Woman, pushing baby in stroller through flock of pigeons and hearing him laugh hysterically: Yeah, yeah, sometimes it's the little things in life.

–76th St

Overheard by: jaytro

Guerrilla Top of the Rock marketer: Carpet munching can get you far in life.

–Rockefeller Center

Twelve-year-old girl at Tila Tequila's book signing: This is the greatest day of my life.

–Barnes & Noble, Tribeca

Overheard by: Helene and Kristina

Short fat white woman to tall older man: Well, I really have no problem with spending life in jail. I really don't.

–Father Demo Square

Man, not moving: This place is draining the life out of me.

–IKEA Store

Overheard by: Les Izzmore

Train operator: This is a life-altering bound r train. Prepare to be amazed. Next stop, Nirvana.

–R Train

Middle aged black woman on cell: Does your mother know we're married yet?

–Forever 21, Union Square

Overheard by: Sophie

2nd grader: See! This is what happens when a man marries another man! They get divorced!

–22nd & Lexington

Angry man to woman: They just had to get fucking married two days before fucking Christmas!

–Century 21

Overheard by: Amina

Dejected guy, slumping on stairs: Will you marry me?

–11th St & b/w University Place & Broadway

Overheard by: Alex Bailey

Guy on phone: She already said yes, so I don't have to get her a ring, right? (pause) Well, why do I have to get her a ring if she already said yes?

–18th St & 1st Ave

Overheard by: Jessica Bergin

Middle aged man: So all you gotta do is pick up a gray squirrel holding an acorn, squeeze his belly, and hear him make real squirrel chatter.

–92nd & Lexington

Latina girl on cell: Chill the fuck out! Groundhog Day isn't till like June or some shit!

–PETCO, Union Square

Overheard by: Max

Girl: I tried a lot of things before I started kicking small animals.

–15th St & 6th Ave

Overheard by: Rijita

20-something guy to another: They cost a lot but they live forever. If you get a group of like 20 elephants, you're invincible.

–1 Train

Female student: But how else would you transport the elephant?

–34th St b/w Park & Madison Ave

Eight-year-old boy, running hellbent through playground, to friend: I could tell you about Archelon, the largest evolved turtle, but there isn't time.

–Riverdale

Overheard by: Someone else's mom

Guy on cell: It was kind of like sexually penetrating cows…

–E 55th St

Overheard by: TiffanyLyn

Barista: Basically someone bought a coffee Friday, came back Monday and said it's cold.
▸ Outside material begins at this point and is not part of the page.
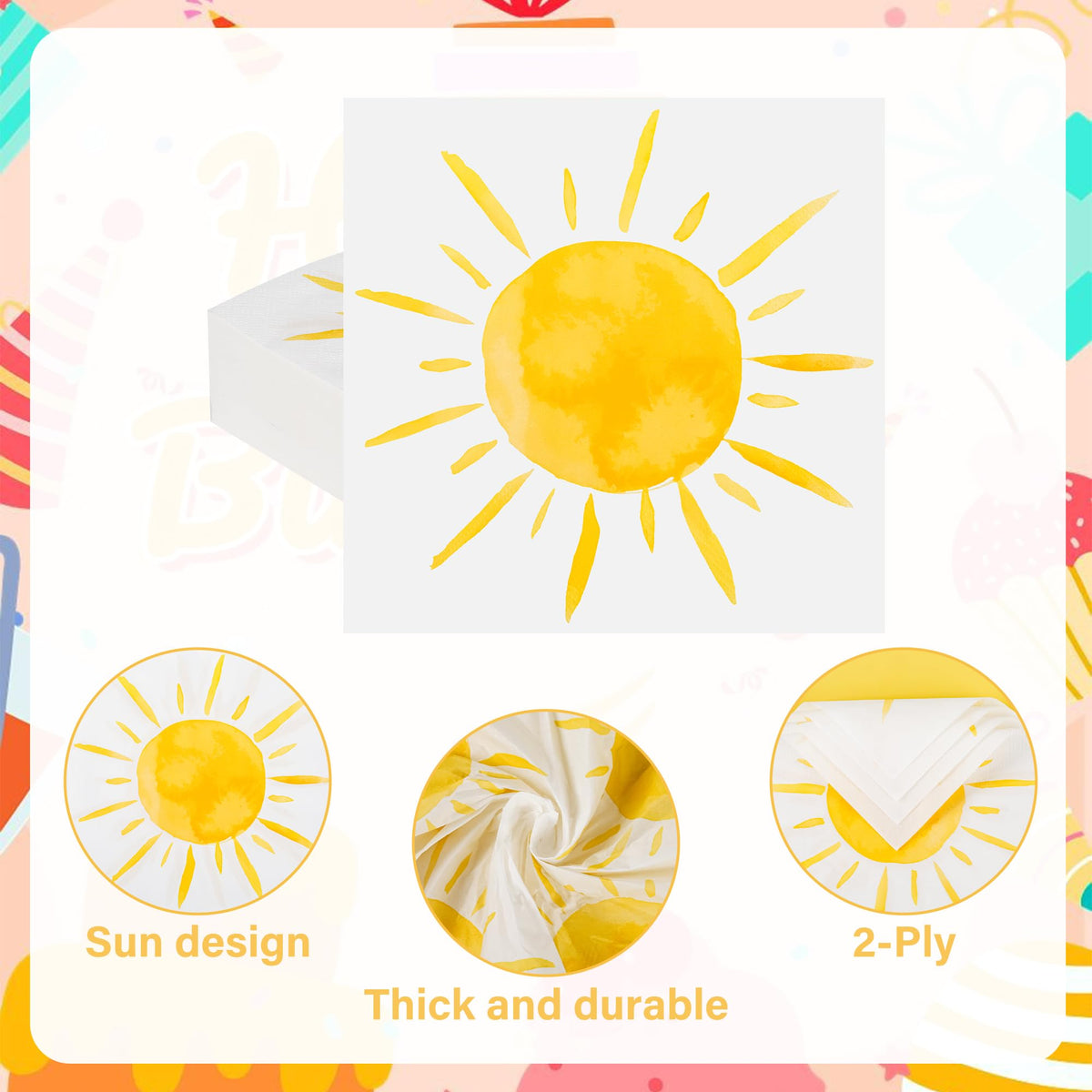 100Pcs Boho Sun Party Napkins First Trip Around The Sun Disposable Paper Napkins Hippie Summer Sunshine 6.5" Luncheon Cocktail Napkin for Birthday Baby Shower Party Supplies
Um, yeah. It's three days later.

–Starbucks, Canal & Broadway

Overheard by: Kaitlen

Woman, walking out of Starbucks empty-handed: Well, at least now we know where we can get coffee. You know, in the morning?

–Starbucks, Times Square

Overheard by: David Landfair

NYU student to coffee cart man: Can I get a venti-large coffee?

–Greene St & Washington Place, The Village

Overheard by: Jane

Male coworker: I was just going to turn water into coffee, like they do in the bible.

–Broadway

Hyper five-year-old to mom: Hey look, Starbucks. Let's go to Starbucks. Starbucks! Coffee, coffee, coffee, coffee, coffee, coffee!

–Astor Place

Overheard by: Juxie

Mother to hysterical baby in stroller: What do you want, huh? Coffee and a cigarette?

–Outside Bloomingdale's

Overheard by: kteezy

Woman: Shut up! Do you want to end up alone eating a bologna sandwich in the drunk tank?

–Ave A & 10th

Overheard by: Kira

Coworker to office: I love meatloaf. I would wear it on my head like a hat.

–6th Ave

Overheard by: The Secret Newsbunny

Woman getting in cab: Fatty Magoo! I'm going to eat the shit out of some ribs!

–24th & 7th Ave

NYU boy to friends: Wait! I'm looking at the wrong site…there's all different kinds of sausages.

–Kimmel Center, NYU

Overheard by: lollin.

Hobo: I don't like beef, I don't like chicken, I don't like ribs…I like pussy!

–Lower East Side

Overheard by: J J

Conductor: Everyone please step aside at the next stop and make room for fresh meat.